Le programme débute avec Haarband, une vidéo-performance de Mervi Kytösalmi, une pionnière de l’art vidéo en Finlande. Dans Haarband, Kytösalmi se cadre elle-même en plan moyen, tourne sa tête de gauche à droite de manière répétitive, frénétique et quasi violente, se transformant en un métronome humain au rythme d’une chanson pop japonaise. La chorégraphie, précise et minimale, peut aussi être vue comme la mise en place d’un espace subjectif protégé, qui dure le temps de la chanson. La vidéo suivante, La Tour Eiffel de Rosa Liksom, est une fantaisie punk-féministe. Une voix-off nous informe qu’une femme occupe le « phallus de Paris » — la Tour Eiffel se remplissant à la fin de toute la société féminine. Un autre travail, Freaky Crew, de la même artiste, est une collaboration avec un collectif de mode carnavalesque, Plastic Pony. Leur message sert à questionner, de façon ludique, l’idée du genre, de façon à ce que de nouvelles identités puissent se former.
Wanted de Milla Moilanen nous ramène dans le sombre passé des recherches scientifiques. Dans cette vidéo obsédante, Moilanen utilise les célèbres archives de l’Institut National Suédois pour la Biologie Raciale, fondé en 1922 à l’Université d’Uppsala. Le peuple nomade Sámi, habitant la région nord de la Scandinavie, de la Finlande et d’une partie de la Russie, a été catégorisé comme race inférieure.

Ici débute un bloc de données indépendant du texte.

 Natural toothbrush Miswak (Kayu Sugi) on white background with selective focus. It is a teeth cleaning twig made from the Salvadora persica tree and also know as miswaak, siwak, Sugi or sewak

Leurs squelettes et leurs os ont été gardés dans la collection de l’Institut. Il n’y a pas besoin de préciser que ces recherches n’étaient que du racisme déguisé, tristement commun en son temps.
Dans Power de Salla Tykkä, une jeune femme, poitrine nue, entre sur un ring de boxe pour combattre avec un boxeur bien plus épais qu’elle. Ce travail particulièrement physique est plus qu’une métaphore de la compétition et de la lutte dans la société, où les femmes ont encore à faire bien plus que les hommes pour survivre. The Edge de Mox Mäkelä est une histoire d’attention et de confiance entre deux femmes, dont l’une se sent constamment au bord du gouffre. L’aspect visuel du travail nous rend une présence tangible, calme et haptique. Les personnages elles-mêmes sont absentes, donnant ainsi de l’espace au spectateur pour penser ce travail.
Le thème des cheveux revient dans la vidéo Venus de Hinni Huttunen. Ce travail vise à reprendre le pouvoir de la figure objectifiée d’une femme, telle celle qui se peigne les cheveux dans la célèbre toile de Edgar Degas, La Toilette. Dans ce tableau, nous voyons uniquement le dos d’une femme, là où Huttunen nous regarde face caméra tout en se peignant violemment les cheveux.
Pour la fin de ce programme nous revenons à Sàpmi, la terre ancestrale de Sàmi (ou Saami en finnois), ce peuple habitant le nord de la Scandinavie. Govadas de Elina Oikari est un carnet de voyage personnel, s’attristant du destin de ce peuple tout autant que de l’environnement du nord de la Finlande, où l’extraction de ressources naturelles a conduit à la destruction de la nature par les états nordiques et les compagnies industrielles issues du capitalisme mondialisé. Dans Dolastallat, Marja Helander voyage aussi dans les ruines désertées de cette industrialisation, mais son approche inclut aussi des points de vue post-coloniaux et post-modernes. Ayant elle-même des origines Sàmi, Helander relativise la question du retour à une pureté originelle, en nous montrant comment la culture nomadique des Sàmi s’est aussi adaptée aux outils technologiques de la culture mainstream. Une certaine tendresse et une nostalgie demeurent dans la place que tient l’animal empaillé, comme un écho d’anciens rituels pratiqués dans le passé.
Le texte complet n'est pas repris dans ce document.